Namun DSNG bukan hanya soal sawit. Di sektor produk kayu, perusahaan yang memiliki dua pabrik di Jawa Tengah itu juga menunjukkan ketahanan menghadapi pasar global yang belum sepenuhnya pulih.

Segmen ini mencatat pendapatan Rp 948,8 miliar, tumbuh 9,2 persen YoY. Permintaan terhadap produk panel naik 9,9 persen, dan engineered flooring meningkat 3,2 persen. Peningkatan permintaan berasal dari pasar Asia Timur dan Eropa, meski sektor ini masih dihadapkan pada ketidakpastian seperti tarif perdagangan Amerika Serikat dan ketegangan geopolitik global.

“Kami menjaga keseimbangan antara ekspor dan pasar domestik, sekaligus memperluas basis pelanggan produk kayu premium,” kata Andrianto.

Sementara di segmen energi terbarukan, pendapatan tercatat Rp 148,9 miliar, turun 8,3 persen YoY akibat fluktuasi permintaan biomassa dari Jepang.

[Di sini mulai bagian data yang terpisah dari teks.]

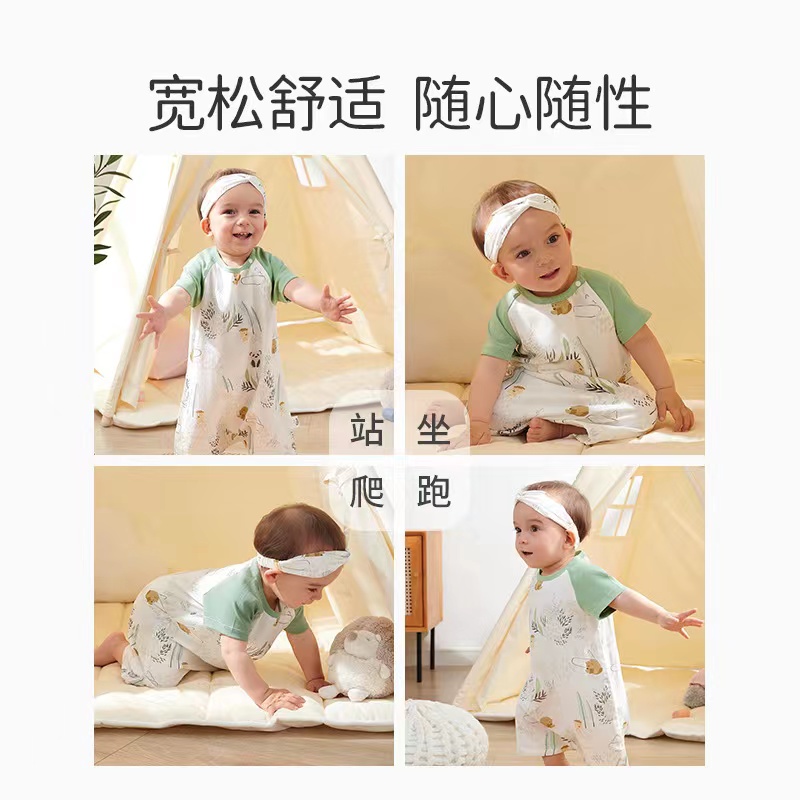 欧孕婴儿睡袋夏季薄款宝宝短袖竹棉纱布睡觉衣防蹬儿童防踢被神器 - 图0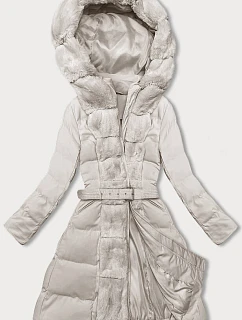 Dámská zimní bunda v ecru barvě s ozdobnou kožešinou model 21246202 - J.STYLE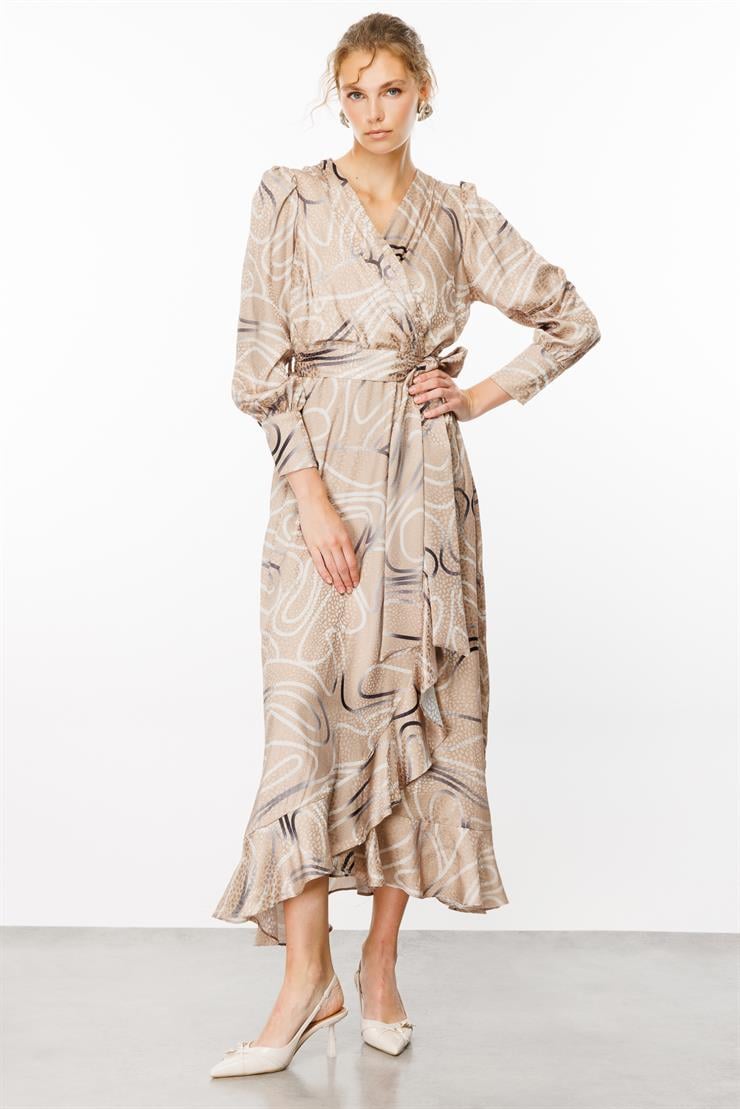 Modailgi  Desenli Jakar Kruvaze Elbise Vizon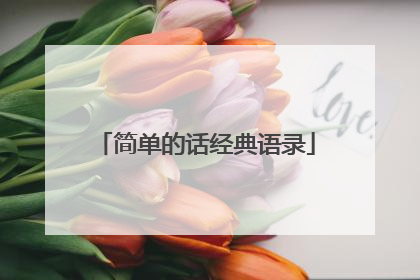 简单的话经典语录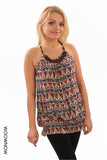 Ethnic Print Racer Back Top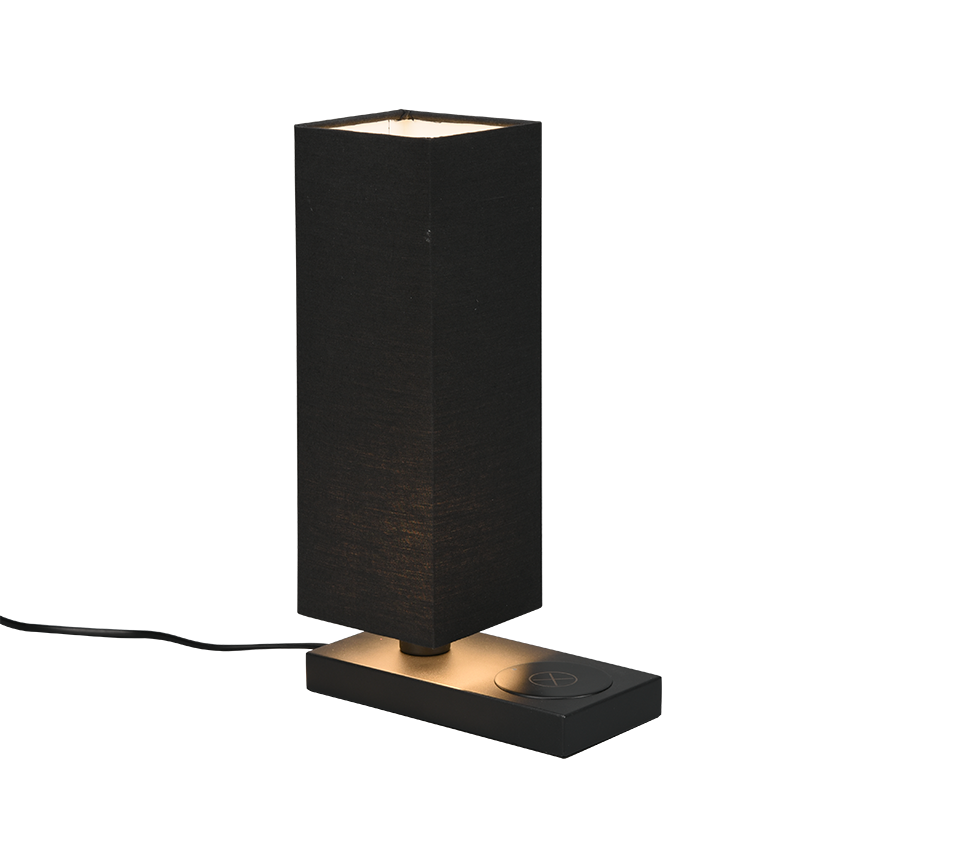 Haley Phone Charger Table Lamp - Black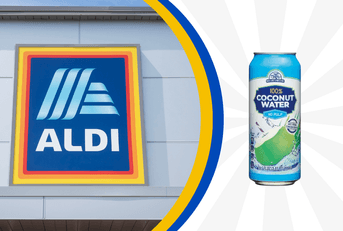 Collage of Aldi storefront and a coconut water product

Namun, DSNG tak berhenti berinovasi.

Pada kuartal ketiga, unit wood pellet yang baru beroperasi komersial sejak awal tahun mulai menunjukkan kontribusi berarti: 13,7 ribu ton terjual dengan harga rata-rata US$120 per ton. “Ini langkah awal membangun bisnis energi hijau berbasis biomassa,” ujar Andrianto.

Kinerja keuangan DSNG juga menunjukkan disiplin tinggi dalam menjaga struktur permodalan. Per 30 September 2025, total aset tercatat Rp 17,2 triliun, sedikit turun 1 persen dari tahun sebelumnya akibat pembayaran dividen dan pelunasan obligasi yang jatuh tempo pada Juli. Namun di sisi lain, liabilitas turun 17 persen, menandakan keberhasilan strategi deleveraging melalui pelunasan pinjaman lebih awal.

Hasilnya, ekuitas DSNG naik 11 persen menjadi Rp 10,9 triliun, memperkuat posisi finansial sekaligus menunjukkan pengelolaan kas yang berhati-hati.

Langkah konsisten DSNG menjaga keseimbangan antara ekspansi, efisiensi, dan kehati-hatian modal mendapat pengakuan internasional. Tahun ini, DSNG kembali masuk dalam daftar Forbes Asia’s 200 Under a Billion 2025, yang menyoroti 200 perusahaan publik Asia Pasifik dengan pendapatan di bawah US$1 miliar dan kinerja tumbuh berkelanjutan.

Penghargaan tersebut bukan yang pertama bagi DSNG, tapi menjadi bukti bahwa perusahaan ini mampu menjaga momentum di tengah turbulensi global.

“Pengakuan ini bukan semata prestasi finansial, tapi hasil dari komitmen panjang kami terhadap tata kelola yang baik, efisiensi, dan tanggung jawab lingkungan,” kata Andrianto.

Dalam lanskap industri sawit yang penuh dinamika — dari isu keberlanjutan, tuntutan emisi, hingga fluktuasi harga global — DSNG memilih jalur yang relatif sunyi: bekerja tenang, efisien, dan konsisten.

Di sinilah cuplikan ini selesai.